Antonio Ligabue e l’esplosione del colore
Artobjects • Paintings

A Roma, fino all’8 gennaio 2017 presso il Complesso del Vittoriano-Ala Abarsini è possibile visitare la mostra dedicata all’artista e pittore Antonio Ligabue.
Molte delle opere esposte fanno parte di collezioni private, ma gran parte della sua opera pittorica è conservata a Gualtieri (RE) e pertanto facilmente visitabile anche al termine dell’esposizione.
Il senso dell’opera pittorica di Antonio Ligabue (Laccabue) è molto complesso e nasce dalla ferita profonda di un uomo abbandonato e mai amato.
Definirlo un artista naif è alquanto riduttivo sebbene molti tratti e caratteristiche della sua pittura siano affini a questo stile, come ad esempio la mancata cultura artistico pittorica, ma totalmente autodidatta.
Nato in Svizzera e poi da lì sdradicato, Antonio Ligabue arriva in Italia e inizia la sua vita come agricoltore a Gualtieri in provincia di Reggio Emilia. Nel 1920 inizia a dipingere e nel 1928 incontra Renato Marino Mazzacurati, che crede nel suo talento insegnandogli l’uso dei colori ad olio e supportandolo nella presa di consapevolezza della forte creatività artistico-pittorica.

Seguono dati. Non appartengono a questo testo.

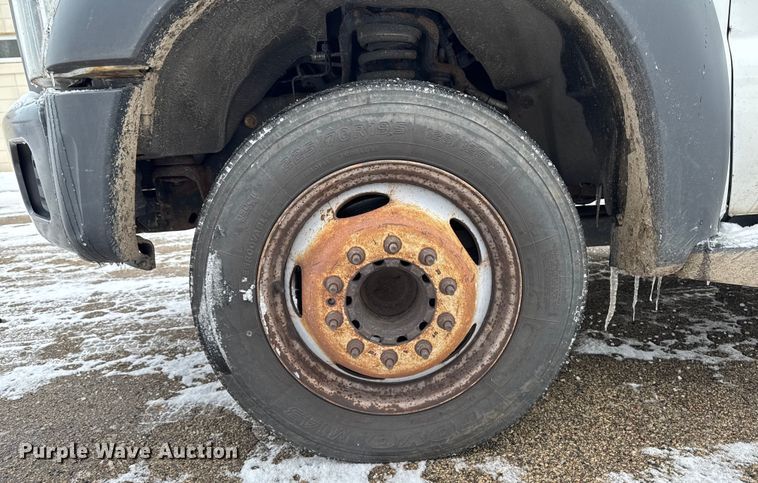 image for item EA2134 2012 Ford F450 Super Duty bucket truck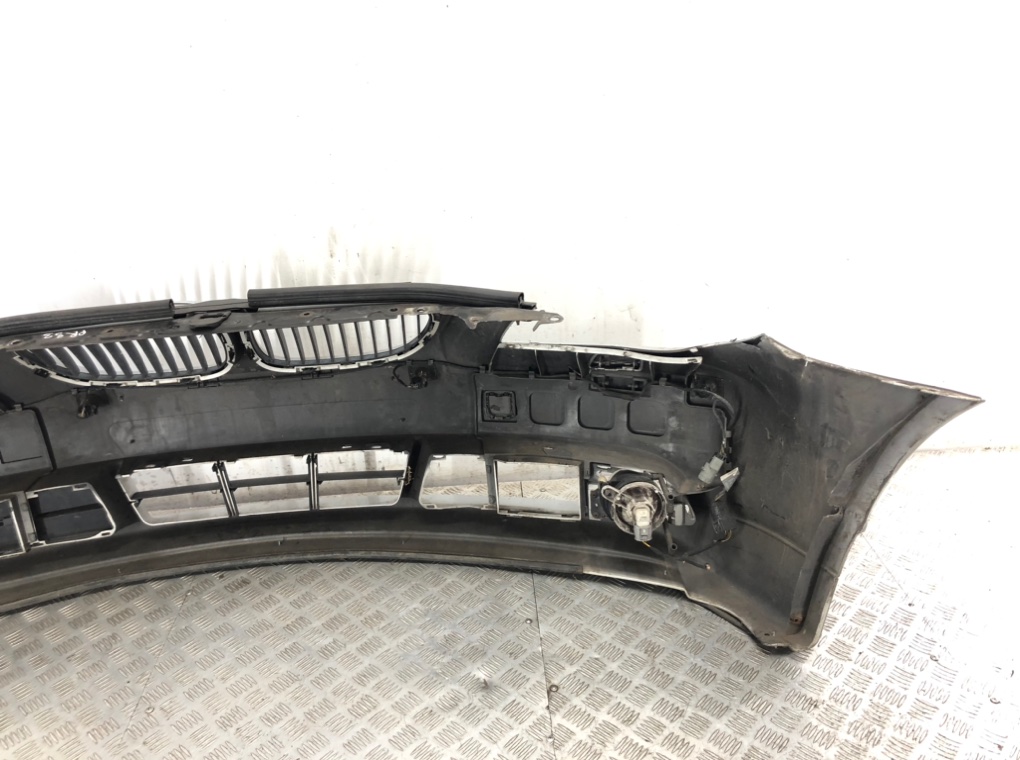 Бампер передний бу для BMW 5 E60/E61 2.5 i,  2005 г.
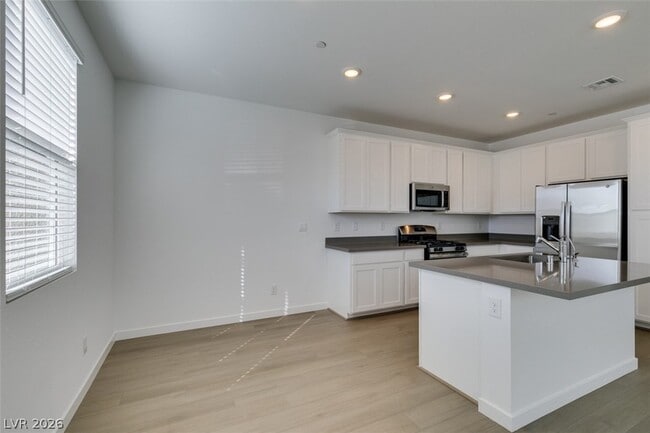 Building Photo - 379 Morgan Crst Dr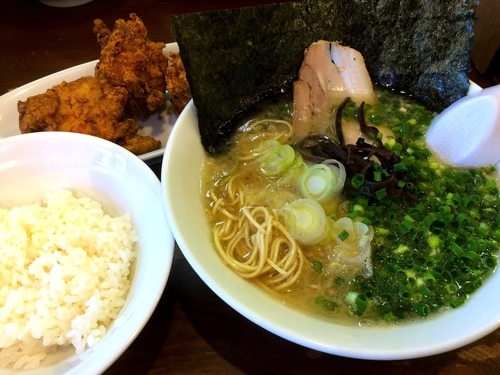 「茨城豚骨ライト（680円）＋ランチからあげセット（300円）」@博多ラーメン とんこつ家の写真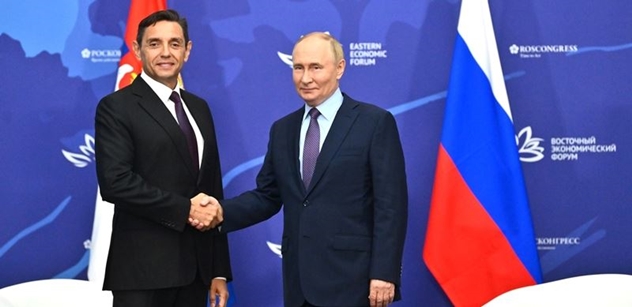 „Mlčte, nemáte právo.“ Srbský politik se po setkání s Putinem vypořádal s EU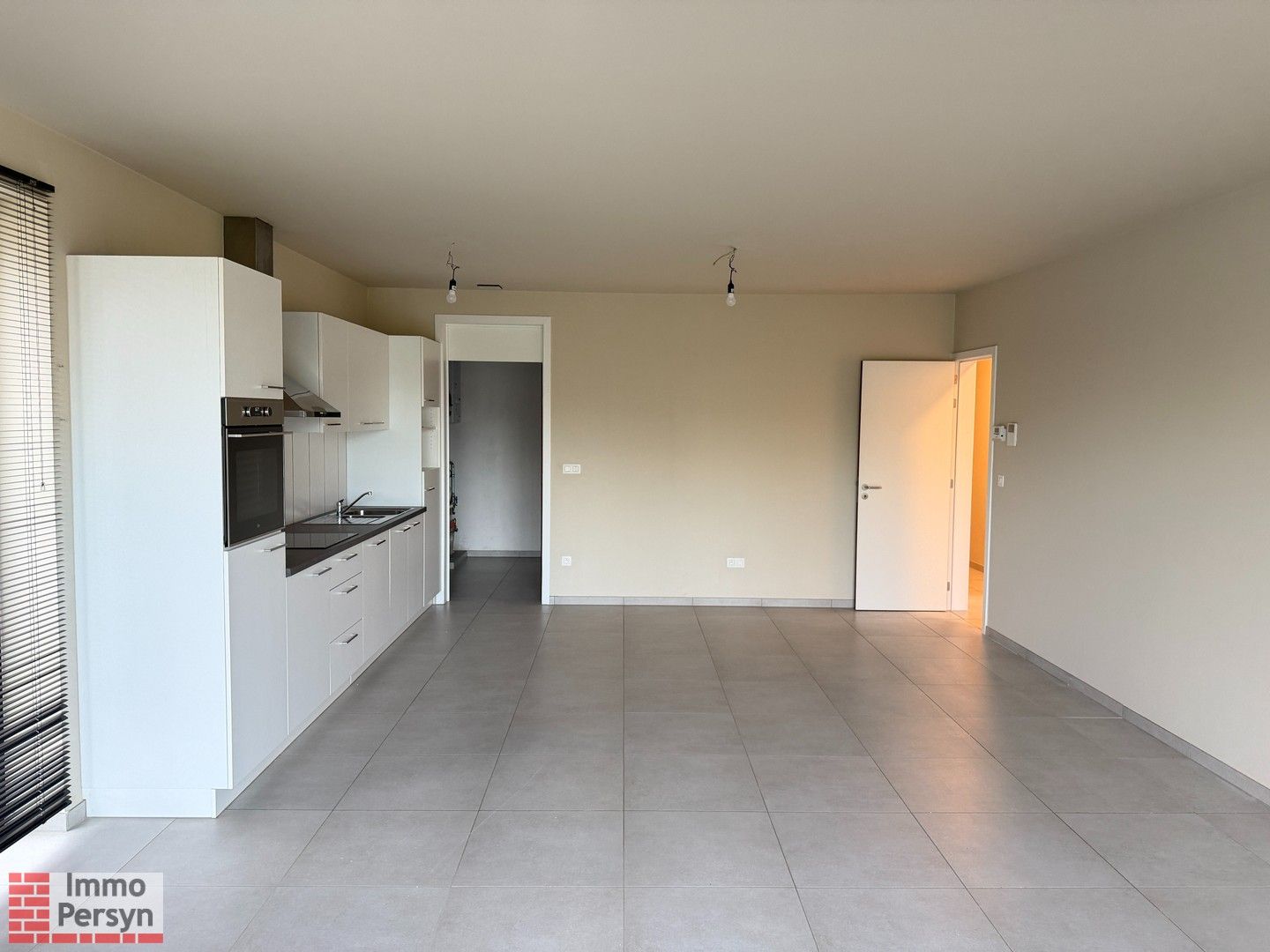 Gelijkvloers  3-slaapkamerappartement met terras foto 2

Isolato e deriso per il suo aspetto fisico e per le modeste condizioni economiche, vive in campagna in solitudine, osservando gli animali e ritraendo la natura, soprattutto attraverso l’utilizzo dei colori.
Padrone nel disegno e nella scultura rappresenta gli animali in modo altamente dettagliato, facendo rivivere le caratteristiche peculiari del soggetto ritratto.
I suoi animali preferiti sono la tigre, il leopardo e l’aquila che raffigura non solo come cacciatori, ma anche come prede.
Nell’opera dell’artista, infatti, è evidente il senso della sofferenza, della sopraffazione da parte del più forte e della necessità di dover lottare per vivere e per procurarsi del cibo.


Tale sofferenza e lotta per la vita sono attenuate attraverso l’uso di colori vivi e caldi. Incantevoli, infatti, sono i paesaggi campestri raffiguranti scene di vita quotidiana, in cui l’azzurro e il celeste del cielo (richiamo quasi all’opera di Van Ghog), trasmettono un senso di apertura alla vita, a una dimensione superiore capace di lenire le sofferenze terrene e infondendo un forte senso di serenità allo spettatore.
Profondi e totalmente introspettivi sono inoltre gli autoritratti, in cui Ligabue si rappresenta a tutto tondo, in tutto il suo realismo. La peculiarità è rappresentata dallo sguardo dell’artista, che non è mai diretto verso lo spettatore, ma lateralmente, in cerca di qualcosa, di attenzione, di qualcuno che lo possa amare.
Un’opera unica, dunque, capace di rappresentare attraverso i colori forti del post-espressionismo un urlo alla vita e la necessità di sopravvivere nonostante tutto.